Josephine KnightSchumann's cello concerto, one of the last works he wrote, has become a firm favourite with soloists and audiences alike - but the version commonly heard today is in fact the result of fairly heavy modification by the intended first performer Emil Bockmühl (and subsequent others. Having had her interest as a performer piqued by discrepancies between the various extant editions, cellist Josephine Knight embarked on an ambitious project to track down the manuscript and recapture the original version of the concerto, which she concluded had been so obscured by later additions as to be unrecognisable.

This album, in which she performs her own new edition of the concerto, is the result - a work of both musicianship and musicology, peeling back centuries of alterations and revealing a very different work to the one we usually hear. By comparison, the "new" concerto is both lighter in spirit in some places, and far more lyrical in others. I spoke to Josephine about this project, and about how the cello concerto came to be so heavily modified in the first place.

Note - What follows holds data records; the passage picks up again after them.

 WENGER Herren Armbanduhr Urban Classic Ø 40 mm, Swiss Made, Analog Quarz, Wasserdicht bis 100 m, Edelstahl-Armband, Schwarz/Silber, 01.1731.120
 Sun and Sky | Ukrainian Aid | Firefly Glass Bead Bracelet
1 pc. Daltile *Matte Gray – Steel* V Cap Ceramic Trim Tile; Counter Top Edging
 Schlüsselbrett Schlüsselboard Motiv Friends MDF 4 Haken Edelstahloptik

Between the endless “helpful” modifications to this work, Joachim’s well-intentioned ban on performance of the Violin Concerto and other such efforts, Schumann has been subjected to more posthumous meddling than many composers. Why do you think this is so much more the case for Schumann than for others?

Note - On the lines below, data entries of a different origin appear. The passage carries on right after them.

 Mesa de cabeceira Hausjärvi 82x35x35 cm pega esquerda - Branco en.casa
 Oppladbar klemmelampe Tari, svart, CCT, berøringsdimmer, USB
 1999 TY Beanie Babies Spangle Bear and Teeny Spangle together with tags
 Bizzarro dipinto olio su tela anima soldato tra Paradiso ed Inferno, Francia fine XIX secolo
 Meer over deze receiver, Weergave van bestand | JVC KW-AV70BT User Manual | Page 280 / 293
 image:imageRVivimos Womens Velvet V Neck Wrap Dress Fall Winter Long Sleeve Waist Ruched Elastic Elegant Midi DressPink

Schumann’s mental health issues are widely acknowledged, and I am convinced that this has affected the overall perception of his reliability and decision making. With the fact that he died before even reaching 50 years of age, the cello concerto (Concertstück) written just 6 years before his death. The first published edition coincided with a particularly severe intense mental episode where he was hallucinating, he was in deep distress and subsequently attempted suicide. Schumann has fallen victim to generations of performers using his mental health issues as license to add unlimited changes.

Unlike Piatti, whose technically-demanding works also feature on this album, Schumann was not a cellist. Do you think this might have contributed to posterity’s willingness to modify his cello writing in the concerto?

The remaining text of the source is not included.